(Crawled caption data)
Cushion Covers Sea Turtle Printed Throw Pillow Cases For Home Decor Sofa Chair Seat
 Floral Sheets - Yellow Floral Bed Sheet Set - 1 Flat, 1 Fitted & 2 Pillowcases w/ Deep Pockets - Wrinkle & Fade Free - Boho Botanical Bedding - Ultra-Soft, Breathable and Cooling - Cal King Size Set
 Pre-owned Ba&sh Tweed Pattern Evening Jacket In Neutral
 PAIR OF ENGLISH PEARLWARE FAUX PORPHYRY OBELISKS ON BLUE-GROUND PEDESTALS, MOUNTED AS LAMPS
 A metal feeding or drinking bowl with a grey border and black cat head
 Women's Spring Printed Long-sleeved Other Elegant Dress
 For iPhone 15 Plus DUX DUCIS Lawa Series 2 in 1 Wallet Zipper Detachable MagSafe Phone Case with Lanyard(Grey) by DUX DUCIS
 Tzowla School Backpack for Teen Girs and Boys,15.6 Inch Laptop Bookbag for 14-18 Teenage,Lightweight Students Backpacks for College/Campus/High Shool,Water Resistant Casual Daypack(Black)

◆ What the task asks:
Each entry given above is to be duplicated exactly.

◆ Reply to the exercise:
Cushion Covers Sea Turtle Printed Throw Pillow Cases For Home Decor Sofa Chair Seat
 Floral Sheets - Yellow Floral Bed Sheet Set - 1 Flat, 1 Fitted & 2 Pillowcases w/ Deep Pockets - Wrinkle & Fade Free - Boho Botanical Bedding - Ultra-Soft, Breathable and Cooling - Cal King Size Set
 Pre-owned Ba&sh Tweed Pattern Evening Jacket In Neutral
 PAIR OF ENGLISH PEARLWARE FAUX PORPHYRY OBELISKS ON BLUE-GROUND PEDESTALS, MOUNTED AS LAMPS
 A metal feeding or drinking bowl with a grey border and black cat head
 Women's Spring Printed Long-sleeved Other Elegant Dress
 For iPhone 15 Plus DUX DUCIS Lawa Series 2 in 1 Wallet Zipper Detachable MagSafe Phone Case with Lanyard(Grey) by DUX DUCIS
 Tzowla School Backpack for Teen Girs and Boys,15.6 Inch Laptop Bookbag for 14-18 Teenage,Lightweight Students Backpacks for College/Campus/High Shool,Water Resistant Casual Daypack(Black)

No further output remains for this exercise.